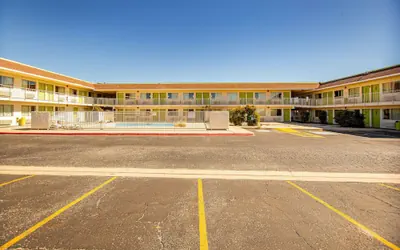 Parkside Inn by PHG - Sweetwater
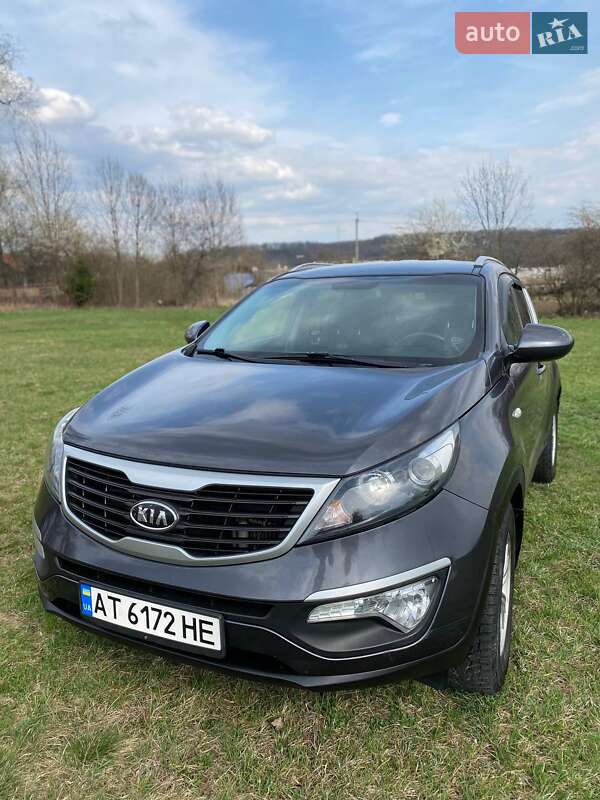 Внедорожник / Кроссовер Kia Sportage 2012 в Гвоздеце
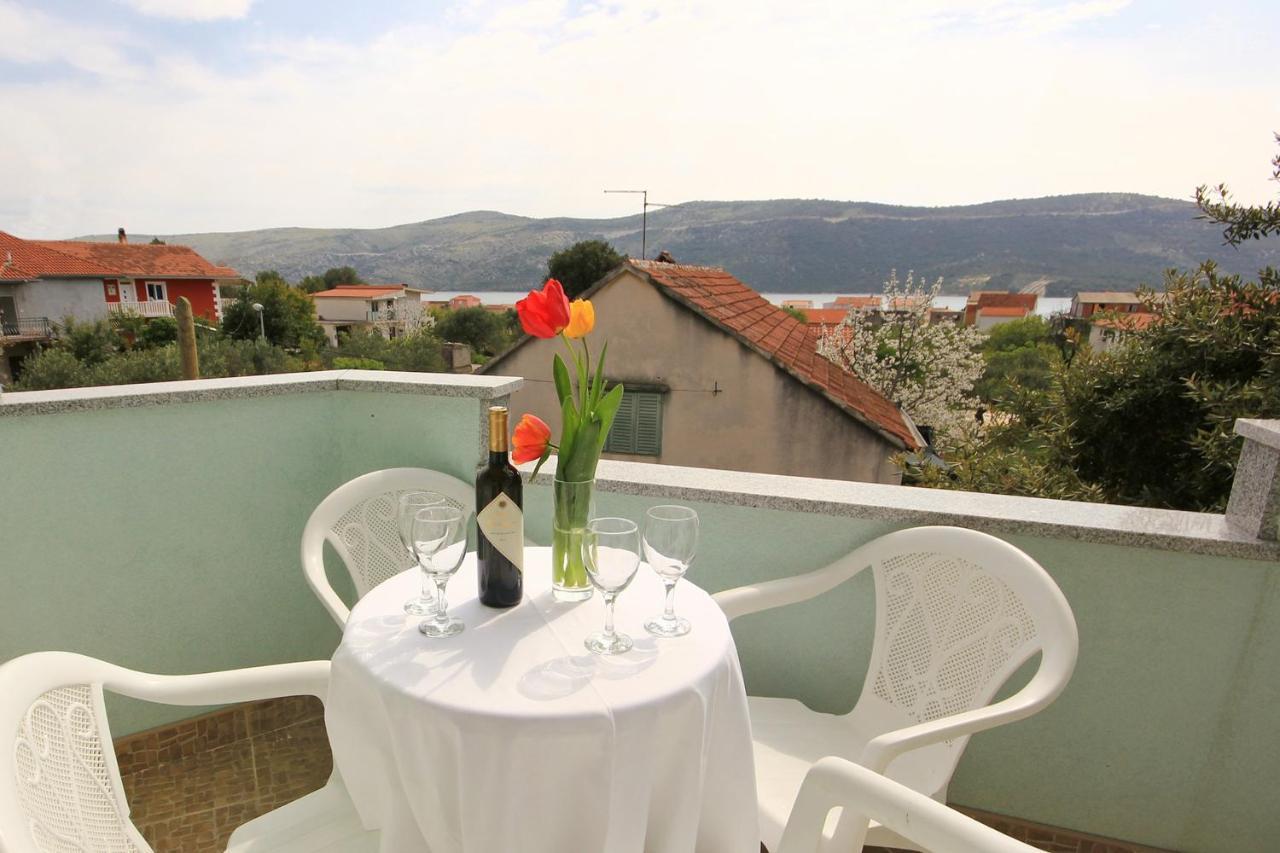 Apartments With A Parking Space Poljica, Trogir - 10010 Marina Buitenkant foto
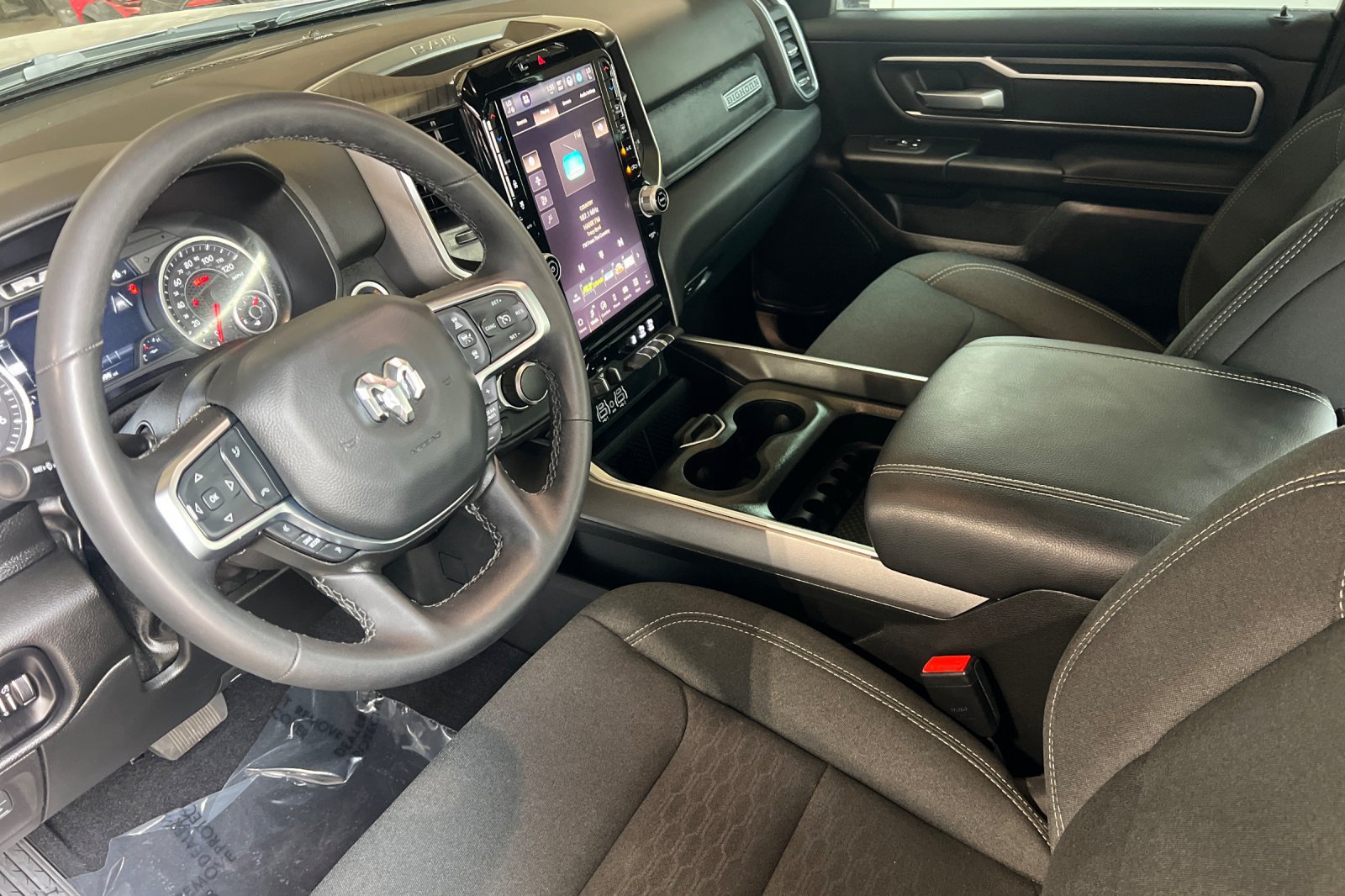 Used 2026 RAM 1500 Big Horn AWD/4WD image 4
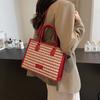Bolsa Tote de Design com Textura e Cor Contrastante Grande Capacidade para o Dia a Dia Feminina Bolsa de Casamento Bridal Outono 2024 Nova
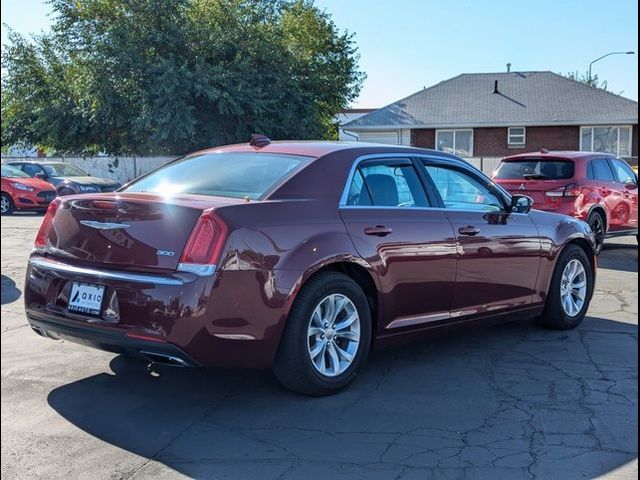 2016 Chrysler 300 Limited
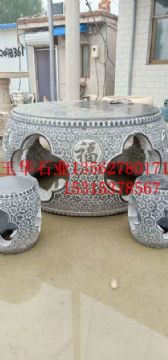 點(diǎn)擊查看詳細(xì)信息<br>標(biāo)題：石凳子石桌 閱讀次數(shù)：2154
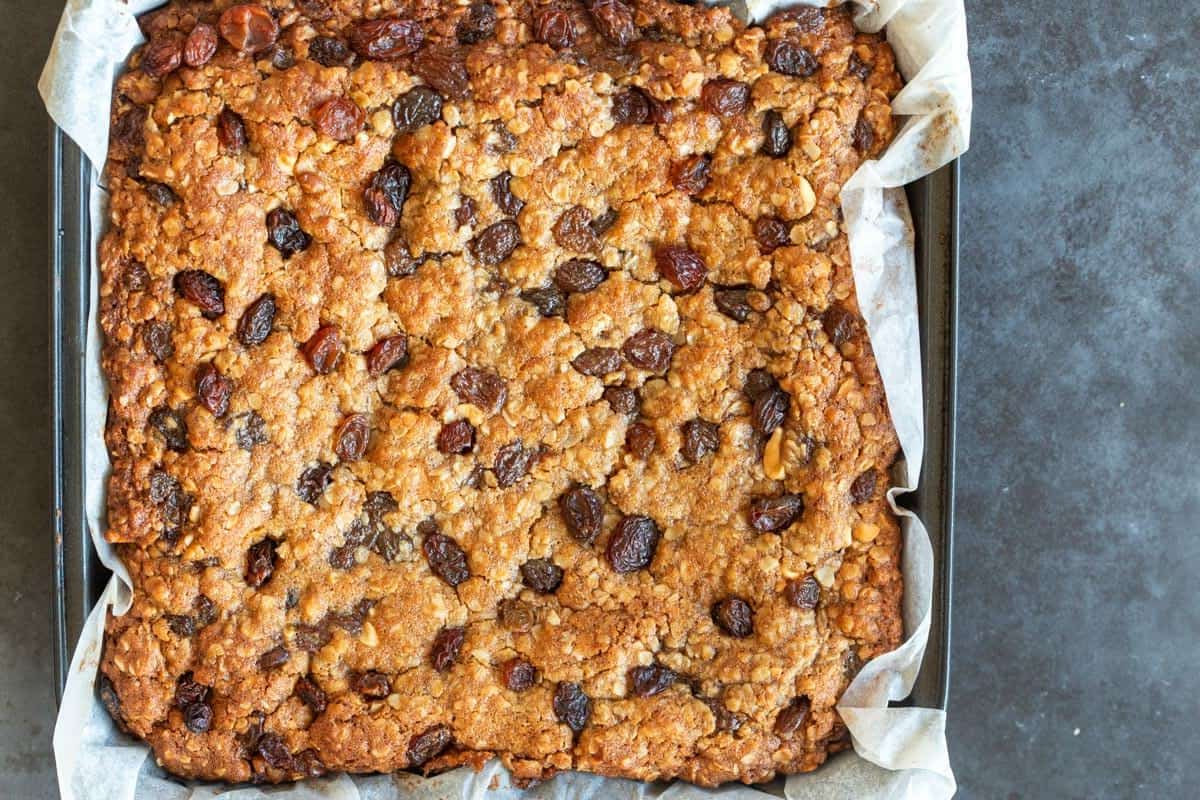 baked oatmeal raisin bars.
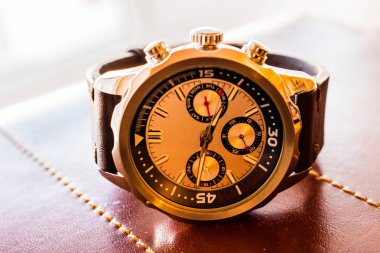 Lüks kol erkek saati zaman gösterilen deri kayışı ile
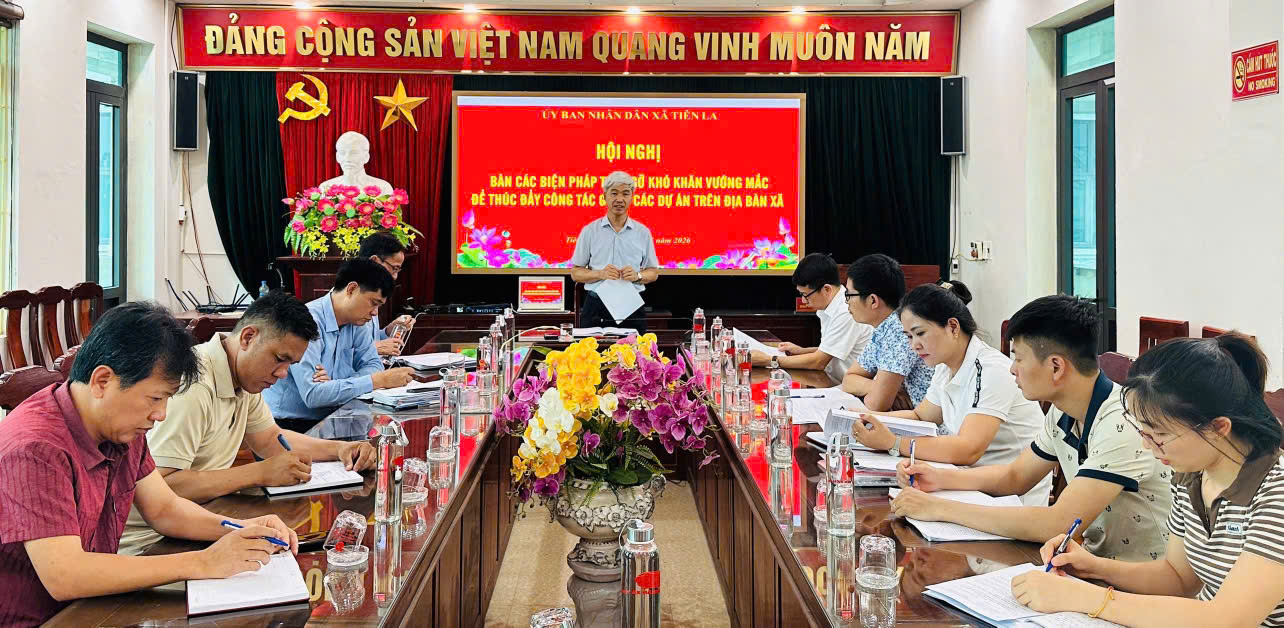 UBND xã Tiên La tổ chức họp bàn tháo gỡ khó khăn vướng mắc để thúc đẩy công tác giải phóng mặt bằng các dự án trên địa bàn xã Tiên La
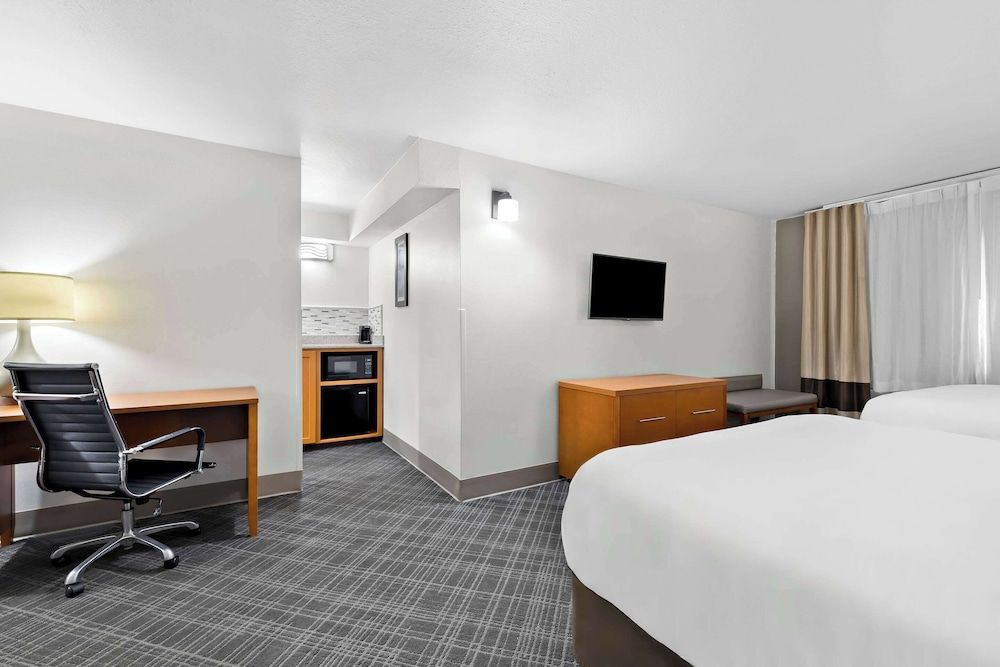 Suite, 2 Queen Beds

□ □ □ □

__Prompt__: Please repeat exactly the lines from the one containing "2016 Chrysler 300 Limited" through the end of the entries, both included, omitting pictures.

__Solved exercise__:
 2016 Chrysler 300 Limited
 點(diǎn)擊查看詳細(xì)信息<br>標(biāo)題：石凳子石桌 閱讀次數(shù)：2154
 baked oatmeal raisin bars.
 Lüks kol erkek saati zaman gösterilen deri kayışı ile
 UBND xã Tiên La tổ chức họp bàn tháo gỡ khó khăn vướng mắc để thúc đẩy công tác giải phóng mặt bằng các dự án trên địa bàn xã Tiên La
 Suite, 2 Queen Beds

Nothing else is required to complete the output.